Saturday 21 June 2014

Movie Review: The Reader (2008)


A romantic drama set in post-World War Two Germany, The Reader is a passionate story of first love, retribution, and the lingering ghosts of the Holocaust.

Starting in 1995, the movie is told in flashback from the perspective of middle aged German lawyer Michael Berg (Ralph Fiennes) who is about to visit with his grown daughter Julia (Hannah Herzsprung). Back in 1958, the teen-aged Michael (David Kross) is struggling home from school, feeling very sick. He almost collapses in a building doorway. Hanna Schmitz (Kate Winslet), a tram conductor in her mid thirties who lives in the building, helps him to find his way home. After recovering from a bout of scarlet fever, Michael returns to thank Hanna. They start a passionate affair, despite the difference in age.

Whenever they meet, Hanna asks Michael to read to her from the literature books that he is studying at school, and their relationship revolves around his reading from a variety of texts and episodes of intense sex. But within a few months Michael starts to get distracted by attractive girls more his age at school, and the relationship with Hanna ends abruptly on a sour note.

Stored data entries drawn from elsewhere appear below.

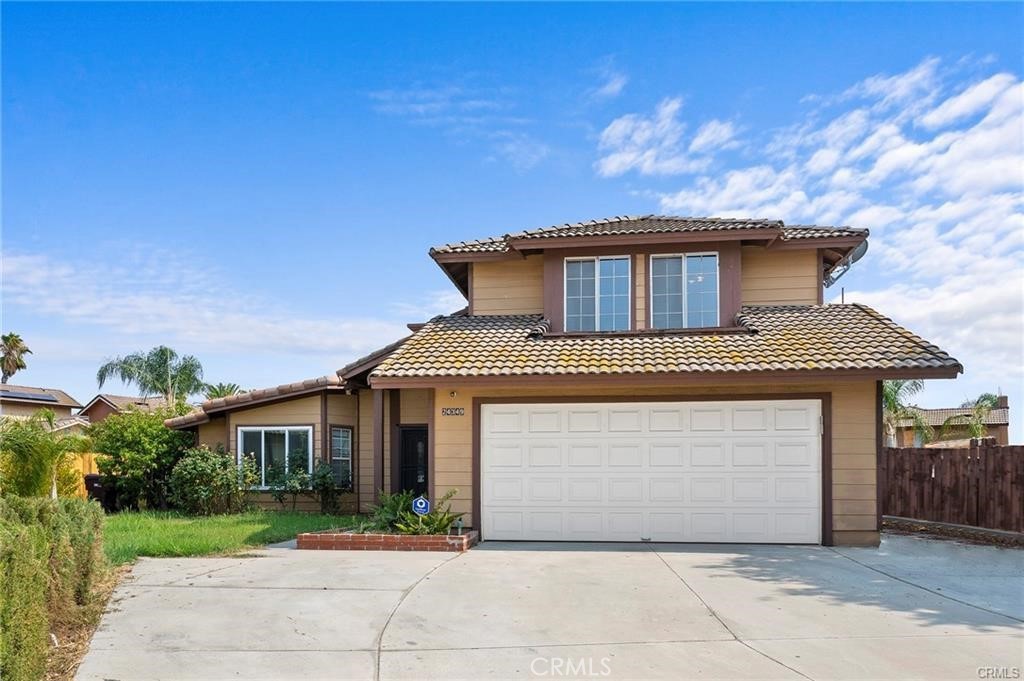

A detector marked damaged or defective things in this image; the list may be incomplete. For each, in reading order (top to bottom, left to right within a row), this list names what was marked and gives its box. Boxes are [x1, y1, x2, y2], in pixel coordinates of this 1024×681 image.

driveway crack [374, 552, 462, 679]
driveway crack [647, 544, 815, 679] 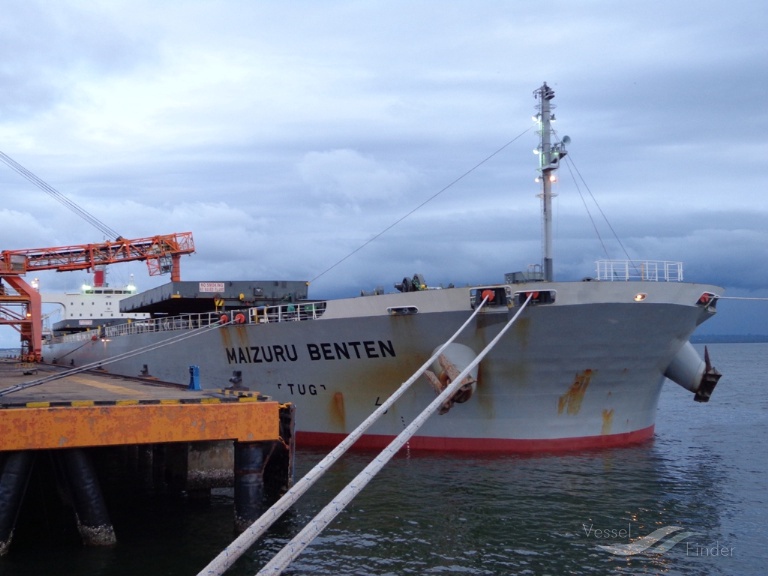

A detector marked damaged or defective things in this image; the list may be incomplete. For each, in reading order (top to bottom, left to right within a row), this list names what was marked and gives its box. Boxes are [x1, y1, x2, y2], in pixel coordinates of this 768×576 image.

rust stain on hull [560, 372, 592, 416] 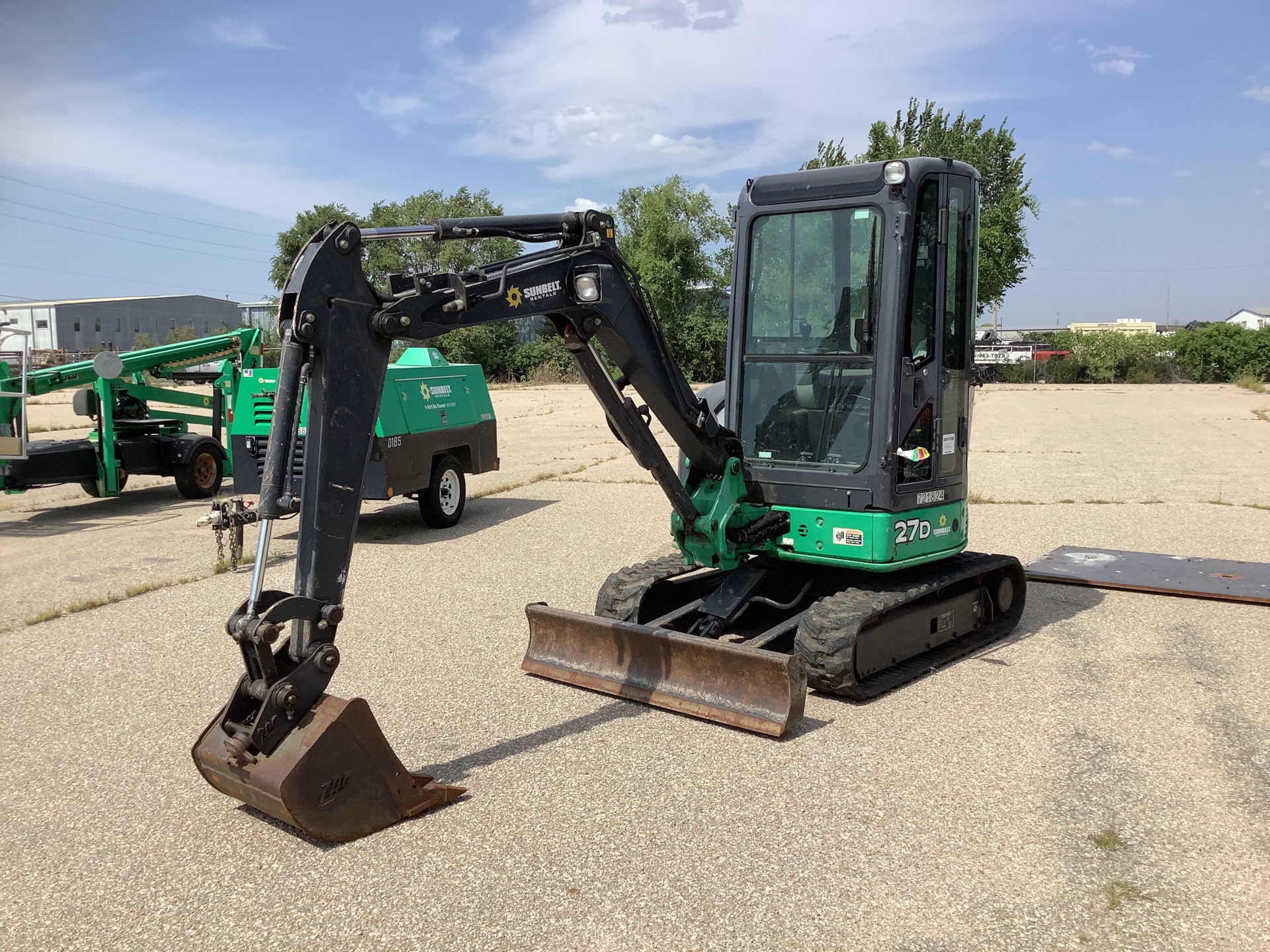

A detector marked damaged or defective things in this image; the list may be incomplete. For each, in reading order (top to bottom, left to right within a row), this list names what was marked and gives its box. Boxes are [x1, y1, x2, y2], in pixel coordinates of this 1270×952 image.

rusty steel plate on ground [1026, 548, 1265, 606]
rusty bucket [523, 604, 802, 736]
rusty steel plate on ground [523, 604, 802, 736]
rusty bucket [190, 695, 464, 848] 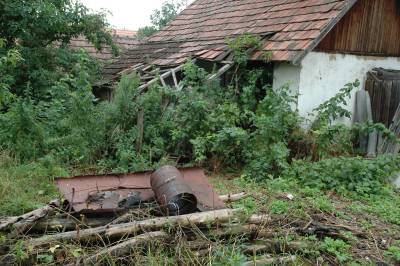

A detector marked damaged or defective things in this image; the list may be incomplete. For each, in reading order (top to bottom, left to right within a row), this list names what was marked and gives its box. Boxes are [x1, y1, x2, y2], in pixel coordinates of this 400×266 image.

rusted metal [54, 167, 225, 213]
rusty barrel [151, 165, 198, 215]
rusted metal [151, 165, 198, 215]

In 1966, Michael is a law student, studying with Professor Rohl (Bruno Ganz) about the moral responsibilities of German citizens during the Holocaust. As part of the course, Rohl exposes his students to the on-going trial of concentration camp prison guards, accused of enabling the death of hundreds of inmates. The trial courtroom holds a shocking surprise for Michael, as the past, the present and future suddenly collide.

A German - American co-production directed by Stephen Daldry from a screenplay by David Hare based on the book by Bernhard Schlink, The Reader is an intricate examination of the ripple effects of the Holocaust through generations of German society. This is an engrossing, sometimes intense film, distilling a nation's self-reflection down to individuals seeking difficult answers through the thickets of past atrocities and a growing moral outrage.

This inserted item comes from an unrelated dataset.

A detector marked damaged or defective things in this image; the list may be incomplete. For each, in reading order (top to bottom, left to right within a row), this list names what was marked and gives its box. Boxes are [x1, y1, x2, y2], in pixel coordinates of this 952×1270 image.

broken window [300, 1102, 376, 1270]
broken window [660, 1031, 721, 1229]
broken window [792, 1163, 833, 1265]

Hanna was old enough to play a role in the closing years of the war, Michael was born during the war, while for his daughter Julia, the war is just a dark part of history. The struggle to understand how Germany stood still and allowed mass barbarity to unfold echoes down the years. For Hanna it's personal anguish, for Michael it's real and emotional connections with his parents' generation, and for Julia it's about understanding the silent shadows that haunt her father.

Michael also has to decide how much he should reach back into history and contribute to his country's grapple with its dark past. He has an opportunity first to influence and then to educate and soothe, and his decisions will have both predictable and unforeseen implications.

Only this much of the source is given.